Problem to solve – In the records below, find the line containing "Wederverkoop - Villa" and the line containing "Купить двухкомнатную квартиру"; please repeat exactly the lines from one to the other, both included, and nothing more.

Data for this task –
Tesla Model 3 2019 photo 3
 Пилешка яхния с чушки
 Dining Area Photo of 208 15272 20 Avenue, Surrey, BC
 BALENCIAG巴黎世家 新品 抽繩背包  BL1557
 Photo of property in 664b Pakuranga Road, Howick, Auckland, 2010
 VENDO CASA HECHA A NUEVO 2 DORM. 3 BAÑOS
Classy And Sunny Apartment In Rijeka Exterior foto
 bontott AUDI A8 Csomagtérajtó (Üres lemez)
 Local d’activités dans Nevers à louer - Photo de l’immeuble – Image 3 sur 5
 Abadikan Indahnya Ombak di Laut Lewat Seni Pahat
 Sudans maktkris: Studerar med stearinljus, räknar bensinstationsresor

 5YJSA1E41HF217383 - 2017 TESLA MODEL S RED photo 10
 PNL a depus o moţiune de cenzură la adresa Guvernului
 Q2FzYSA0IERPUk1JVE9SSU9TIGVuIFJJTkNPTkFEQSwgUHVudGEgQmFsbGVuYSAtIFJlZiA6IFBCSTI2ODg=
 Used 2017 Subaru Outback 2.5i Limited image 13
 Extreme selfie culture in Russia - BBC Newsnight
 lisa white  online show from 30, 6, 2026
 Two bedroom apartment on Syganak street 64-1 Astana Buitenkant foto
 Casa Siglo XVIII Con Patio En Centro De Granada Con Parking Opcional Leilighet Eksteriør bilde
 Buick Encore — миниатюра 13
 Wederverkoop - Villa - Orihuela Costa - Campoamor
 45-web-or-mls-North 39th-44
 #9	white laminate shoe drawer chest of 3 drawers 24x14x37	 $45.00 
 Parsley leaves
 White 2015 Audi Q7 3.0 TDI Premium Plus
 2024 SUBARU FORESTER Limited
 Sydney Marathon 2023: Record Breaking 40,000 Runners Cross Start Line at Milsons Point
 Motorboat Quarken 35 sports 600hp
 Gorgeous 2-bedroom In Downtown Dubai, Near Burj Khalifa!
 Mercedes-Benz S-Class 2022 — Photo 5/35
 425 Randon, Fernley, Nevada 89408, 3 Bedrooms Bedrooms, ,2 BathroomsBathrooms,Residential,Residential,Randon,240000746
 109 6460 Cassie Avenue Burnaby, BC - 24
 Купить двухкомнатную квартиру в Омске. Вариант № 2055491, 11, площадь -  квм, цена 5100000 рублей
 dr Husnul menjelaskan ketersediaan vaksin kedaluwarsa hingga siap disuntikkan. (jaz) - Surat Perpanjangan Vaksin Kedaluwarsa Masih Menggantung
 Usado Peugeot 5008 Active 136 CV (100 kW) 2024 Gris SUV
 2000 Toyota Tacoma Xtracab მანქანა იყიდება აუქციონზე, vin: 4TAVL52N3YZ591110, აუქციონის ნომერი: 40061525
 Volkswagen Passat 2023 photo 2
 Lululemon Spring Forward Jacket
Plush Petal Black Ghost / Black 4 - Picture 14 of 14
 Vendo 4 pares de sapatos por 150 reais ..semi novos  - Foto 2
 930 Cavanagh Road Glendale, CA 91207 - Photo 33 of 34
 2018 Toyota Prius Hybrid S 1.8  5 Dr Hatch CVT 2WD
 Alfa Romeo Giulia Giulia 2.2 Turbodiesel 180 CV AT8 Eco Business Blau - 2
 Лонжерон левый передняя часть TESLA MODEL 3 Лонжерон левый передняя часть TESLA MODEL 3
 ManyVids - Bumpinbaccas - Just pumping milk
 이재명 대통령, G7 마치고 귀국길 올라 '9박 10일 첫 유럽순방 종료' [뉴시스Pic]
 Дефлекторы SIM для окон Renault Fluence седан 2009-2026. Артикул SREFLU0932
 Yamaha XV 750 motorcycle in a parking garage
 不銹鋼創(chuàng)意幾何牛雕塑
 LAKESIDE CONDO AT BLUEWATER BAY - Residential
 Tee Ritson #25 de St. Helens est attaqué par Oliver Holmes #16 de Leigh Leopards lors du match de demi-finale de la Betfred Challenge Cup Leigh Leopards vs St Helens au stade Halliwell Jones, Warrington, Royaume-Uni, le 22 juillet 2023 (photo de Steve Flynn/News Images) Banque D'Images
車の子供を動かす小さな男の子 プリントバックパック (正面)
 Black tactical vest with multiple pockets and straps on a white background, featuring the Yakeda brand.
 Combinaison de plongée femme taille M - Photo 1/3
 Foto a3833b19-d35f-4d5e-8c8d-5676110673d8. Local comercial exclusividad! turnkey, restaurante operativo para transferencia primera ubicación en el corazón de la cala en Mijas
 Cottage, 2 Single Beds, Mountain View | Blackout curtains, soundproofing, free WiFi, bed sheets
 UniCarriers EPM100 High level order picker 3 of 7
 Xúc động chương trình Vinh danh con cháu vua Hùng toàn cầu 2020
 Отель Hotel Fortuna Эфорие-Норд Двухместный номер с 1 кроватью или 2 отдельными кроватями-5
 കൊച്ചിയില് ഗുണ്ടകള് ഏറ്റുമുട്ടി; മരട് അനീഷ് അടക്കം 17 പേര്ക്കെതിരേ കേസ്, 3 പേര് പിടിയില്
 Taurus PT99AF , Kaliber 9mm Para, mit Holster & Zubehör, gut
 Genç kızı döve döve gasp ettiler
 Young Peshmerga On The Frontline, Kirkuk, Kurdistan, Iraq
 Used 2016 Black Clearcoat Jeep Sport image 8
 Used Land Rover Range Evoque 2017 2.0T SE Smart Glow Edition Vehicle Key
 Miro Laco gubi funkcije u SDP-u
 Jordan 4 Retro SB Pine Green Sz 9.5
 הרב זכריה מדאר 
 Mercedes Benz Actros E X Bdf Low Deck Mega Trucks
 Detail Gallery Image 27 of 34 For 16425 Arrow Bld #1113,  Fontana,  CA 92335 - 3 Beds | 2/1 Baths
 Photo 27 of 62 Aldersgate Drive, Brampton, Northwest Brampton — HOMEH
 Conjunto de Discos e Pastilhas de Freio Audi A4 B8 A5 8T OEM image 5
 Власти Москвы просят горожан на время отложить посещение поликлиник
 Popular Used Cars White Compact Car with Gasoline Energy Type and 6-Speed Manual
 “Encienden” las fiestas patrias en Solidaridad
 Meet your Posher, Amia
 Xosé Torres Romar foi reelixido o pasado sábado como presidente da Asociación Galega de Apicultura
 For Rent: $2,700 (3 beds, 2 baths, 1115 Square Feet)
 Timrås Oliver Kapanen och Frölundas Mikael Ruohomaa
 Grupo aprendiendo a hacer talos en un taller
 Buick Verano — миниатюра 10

Solution to this task –
 Wederverkoop - Villa - Orihuela Costa - Campoamor
 45-web-or-mls-North 39th-44
 #9	white laminate shoe drawer chest of 3 drawers 24x14x37	 $45.00 
 Parsley leaves
 White 2015 Audi Q7 3.0 TDI Premium Plus
 2024 SUBARU FORESTER Limited
 Sydney Marathon 2023: Record Breaking 40,000 Runners Cross Start Line at Milsons Point
 Motorboat Quarken 35 sports 600hp
 Gorgeous 2-bedroom In Downtown Dubai, Near Burj Khalifa!
 Mercedes-Benz S-Class 2022 — Photo 5/35
 425 Randon, Fernley, Nevada 89408, 3 Bedrooms Bedrooms, ,2 BathroomsBathrooms,Residential,Residential,Randon,240000746
 109 6460 Cassie Avenue Burnaby, BC - 24
 Купить двухкомнатную квартиру в Омске. Вариант № 2055491, 11, площадь -  квм, цена 5100000 рублей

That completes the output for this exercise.